• Aim of the task: Would you print every entry exactly as it appears?

• Data for processing:
■ ■ ■ ■

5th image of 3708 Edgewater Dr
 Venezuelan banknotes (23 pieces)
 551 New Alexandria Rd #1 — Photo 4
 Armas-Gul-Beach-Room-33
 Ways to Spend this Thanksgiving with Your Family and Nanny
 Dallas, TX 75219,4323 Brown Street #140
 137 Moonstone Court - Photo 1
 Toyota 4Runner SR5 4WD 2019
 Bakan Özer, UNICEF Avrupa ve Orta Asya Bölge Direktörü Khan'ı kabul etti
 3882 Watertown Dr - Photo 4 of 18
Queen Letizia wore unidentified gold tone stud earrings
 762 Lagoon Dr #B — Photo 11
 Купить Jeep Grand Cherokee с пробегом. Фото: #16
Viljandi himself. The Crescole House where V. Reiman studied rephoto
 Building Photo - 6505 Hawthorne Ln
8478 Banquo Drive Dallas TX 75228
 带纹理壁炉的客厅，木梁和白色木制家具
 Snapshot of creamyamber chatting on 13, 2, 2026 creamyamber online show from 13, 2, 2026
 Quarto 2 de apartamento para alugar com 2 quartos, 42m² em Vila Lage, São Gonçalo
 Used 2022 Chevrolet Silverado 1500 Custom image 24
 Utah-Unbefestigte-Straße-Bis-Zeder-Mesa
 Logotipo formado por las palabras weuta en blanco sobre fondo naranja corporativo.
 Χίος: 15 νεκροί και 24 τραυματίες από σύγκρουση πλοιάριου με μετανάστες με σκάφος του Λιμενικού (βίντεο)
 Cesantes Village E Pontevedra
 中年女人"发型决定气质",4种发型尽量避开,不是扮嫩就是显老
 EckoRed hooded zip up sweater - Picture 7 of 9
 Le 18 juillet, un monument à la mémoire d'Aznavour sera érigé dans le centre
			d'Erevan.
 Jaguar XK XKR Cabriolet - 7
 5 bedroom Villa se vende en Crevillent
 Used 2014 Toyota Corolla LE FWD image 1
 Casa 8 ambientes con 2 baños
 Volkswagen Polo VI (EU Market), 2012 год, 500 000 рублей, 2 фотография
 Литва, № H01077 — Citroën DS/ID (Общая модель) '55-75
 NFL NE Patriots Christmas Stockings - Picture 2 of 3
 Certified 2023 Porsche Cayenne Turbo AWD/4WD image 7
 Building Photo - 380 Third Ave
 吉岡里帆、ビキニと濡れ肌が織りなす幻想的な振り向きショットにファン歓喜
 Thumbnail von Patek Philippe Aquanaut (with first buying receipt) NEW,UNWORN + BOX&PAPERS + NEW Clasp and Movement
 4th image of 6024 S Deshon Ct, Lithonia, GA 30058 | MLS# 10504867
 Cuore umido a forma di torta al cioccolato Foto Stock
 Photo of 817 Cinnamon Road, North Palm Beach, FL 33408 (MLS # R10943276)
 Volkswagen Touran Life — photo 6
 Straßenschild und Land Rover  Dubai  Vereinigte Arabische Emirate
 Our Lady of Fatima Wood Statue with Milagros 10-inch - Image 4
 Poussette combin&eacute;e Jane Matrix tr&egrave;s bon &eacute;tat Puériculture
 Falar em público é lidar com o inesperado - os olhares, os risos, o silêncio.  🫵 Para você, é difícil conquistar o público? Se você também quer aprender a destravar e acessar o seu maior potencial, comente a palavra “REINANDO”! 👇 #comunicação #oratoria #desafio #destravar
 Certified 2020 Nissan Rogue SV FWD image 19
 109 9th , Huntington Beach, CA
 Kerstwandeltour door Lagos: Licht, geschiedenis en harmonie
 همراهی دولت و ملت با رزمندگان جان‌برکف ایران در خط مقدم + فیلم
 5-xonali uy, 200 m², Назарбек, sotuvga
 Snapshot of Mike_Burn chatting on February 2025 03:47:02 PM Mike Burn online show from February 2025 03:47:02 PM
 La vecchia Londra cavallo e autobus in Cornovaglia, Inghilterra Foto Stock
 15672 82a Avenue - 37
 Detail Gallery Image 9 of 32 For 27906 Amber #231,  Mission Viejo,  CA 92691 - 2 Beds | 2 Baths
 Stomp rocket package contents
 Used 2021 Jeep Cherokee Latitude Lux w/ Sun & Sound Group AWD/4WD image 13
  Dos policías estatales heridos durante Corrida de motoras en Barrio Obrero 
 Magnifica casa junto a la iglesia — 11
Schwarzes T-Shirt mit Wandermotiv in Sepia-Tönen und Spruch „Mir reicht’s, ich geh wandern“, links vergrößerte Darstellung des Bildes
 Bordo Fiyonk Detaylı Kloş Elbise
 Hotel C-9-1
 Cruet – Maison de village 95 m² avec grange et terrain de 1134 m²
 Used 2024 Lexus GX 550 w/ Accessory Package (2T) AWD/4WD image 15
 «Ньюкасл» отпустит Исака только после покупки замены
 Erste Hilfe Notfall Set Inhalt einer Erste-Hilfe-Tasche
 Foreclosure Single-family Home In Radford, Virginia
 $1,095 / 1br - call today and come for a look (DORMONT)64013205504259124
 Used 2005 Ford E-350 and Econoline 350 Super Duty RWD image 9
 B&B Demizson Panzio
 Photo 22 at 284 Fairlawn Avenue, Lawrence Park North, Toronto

■ ■ ■ ■

• Final answer:
5th image of 3708 Edgewater Dr
 Venezuelan banknotes (23 pieces)
 551 New Alexandria Rd #1 — Photo 4
 Armas-Gul-Beach-Room-33
 Ways to Spend this Thanksgiving with Your Family and Nanny
 Dallas, TX 75219,4323 Brown Street #140
 137 Moonstone Court - Photo 1
 Toyota 4Runner SR5 4WD 2019
 Bakan Özer, UNICEF Avrupa ve Orta Asya Bölge Direktörü Khan'ı kabul etti
 3882 Watertown Dr - Photo 4 of 18
Queen Letizia wore unidentified gold tone stud earrings
 762 Lagoon Dr #B — Photo 11
 Купить Jeep Grand Cherokee с пробегом. Фото: #16
Viljandi himself. The Crescole House where V. Reiman studied rephoto
 Building Photo - 6505 Hawthorne Ln
8478 Banquo Drive Dallas TX 75228
 带纹理壁炉的客厅，木梁和白色木制家具
 Snapshot of creamyamber chatting on 13, 2, 2026 creamyamber online show from 13, 2, 2026
 Quarto 2 de apartamento para alugar com 2 quartos, 42m² em Vila Lage, São Gonçalo
 Used 2022 Chevrolet Silverado 1500 Custom image 24
 Utah-Unbefestigte-Straße-Bis-Zeder-Mesa
 Logotipo formado por las palabras weuta en blanco sobre fondo naranja corporativo.
 Χίος: 15 νεκροί και 24 τραυματίες από σύγκρουση πλοιάριου με μετανάστες με σκάφος του Λιμενικού (βίντεο)
 Cesantes Village E Pontevedra
 中年女人"发型决定气质",4种发型尽量避开,不是扮嫩就是显老
 EckoRed hooded zip up sweater - Picture 7 of 9
 Le 18 juillet, un monument à la mémoire d'Aznavour sera érigé dans le centre
			d'Erevan.
 Jaguar XK XKR Cabriolet - 7
 5 bedroom Villa se vende en Crevillent
 Used 2014 Toyota Corolla LE FWD image 1
 Casa 8 ambientes con 2 baños
 Volkswagen Polo VI (EU Market), 2012 год, 500 000 рублей, 2 фотография
 Литва, № H01077 — Citroën DS/ID (Общая модель) '55-75
 NFL NE Patriots Christmas Stockings - Picture 2 of 3
 Certified 2023 Porsche Cayenne Turbo AWD/4WD image 7
 Building Photo - 380 Third Ave
 吉岡里帆、ビキニと濡れ肌が織りなす幻想的な振り向きショットにファン歓喜
 Thumbnail von Patek Philippe Aquanaut (with first buying receipt) NEW,UNWORN + BOX&PAPERS + NEW Clasp and Movement
 4th image of 6024 S Deshon Ct, Lithonia, GA 30058 | MLS# 10504867
 Cuore umido a forma di torta al cioccolato Foto Stock
 Photo of 817 Cinnamon Road, North Palm Beach, FL 33408 (MLS # R10943276)
 Volkswagen Touran Life — photo 6
 Straßenschild und Land Rover  Dubai  Vereinigte Arabische Emirate
 Our Lady of Fatima Wood Statue with Milagros 10-inch - Image 4
 Poussette combin&eacute;e Jane Matrix tr&egrave;s bon &eacute;tat Puériculture
 Falar em público é lidar com o inesperado - os olhares, os risos, o silêncio.  🫵 Para você, é difícil conquistar o público? Se você também quer aprender a destravar e acessar o seu maior potencial, comente a palavra “REINANDO”! 👇 #comunicação #oratoria #desafio #destravar
 Certified 2020 Nissan Rogue SV FWD image 19
 109 9th , Huntington Beach, CA
 Kerstwandeltour door Lagos: Licht, geschiedenis en harmonie
 همراهی دولت و ملت با رزمندگان جان‌برکف ایران در خط مقدم + فیلم
 5-xonali uy, 200 m², Назарбек, sotuvga
 Snapshot of Mike_Burn chatting on February 2025 03:47:02 PM Mike Burn online show from February 2025 03:47:02 PM
 La vecchia Londra cavallo e autobus in Cornovaglia, Inghilterra Foto Stock
 15672 82a Avenue - 37
 Detail Gallery Image 9 of 32 For 27906 Amber #231,  Mission Viejo,  CA 92691 - 2 Beds | 2 Baths
 Stomp rocket package contents
 Used 2021 Jeep Cherokee Latitude Lux w/ Sun & Sound Group AWD/4WD image 13
  Dos policías estatales heridos durante Corrida de motoras en Barrio Obrero 
 Magnifica casa junto a la iglesia — 11
Schwarzes T-Shirt mit Wandermotiv in Sepia-Tönen und Spruch „Mir reicht’s, ich geh wandern“, links vergrößerte Darstellung des Bildes
 Bordo Fiyonk Detaylı Kloş Elbise
 Hotel C-9-1
 Cruet – Maison de village 95 m² avec grange et terrain de 1134 m²
 Used 2024 Lexus GX 550 w/ Accessory Package (2T) AWD/4WD image 15
 «Ньюкасл» отпустит Исака только после покупки замены
 Erste Hilfe Notfall Set Inhalt einer Erste-Hilfe-Tasche
 Foreclosure Single-family Home In Radford, Virginia
 $1,095 / 1br - call today and come for a look (DORMONT)64013205504259124
 Used 2005 Ford E-350 and Econoline 350 Super Duty RWD image 9
 B&B Demizson Panzio
 Photo 22 at 284 Fairlawn Avenue, Lawrence Park North, Toronto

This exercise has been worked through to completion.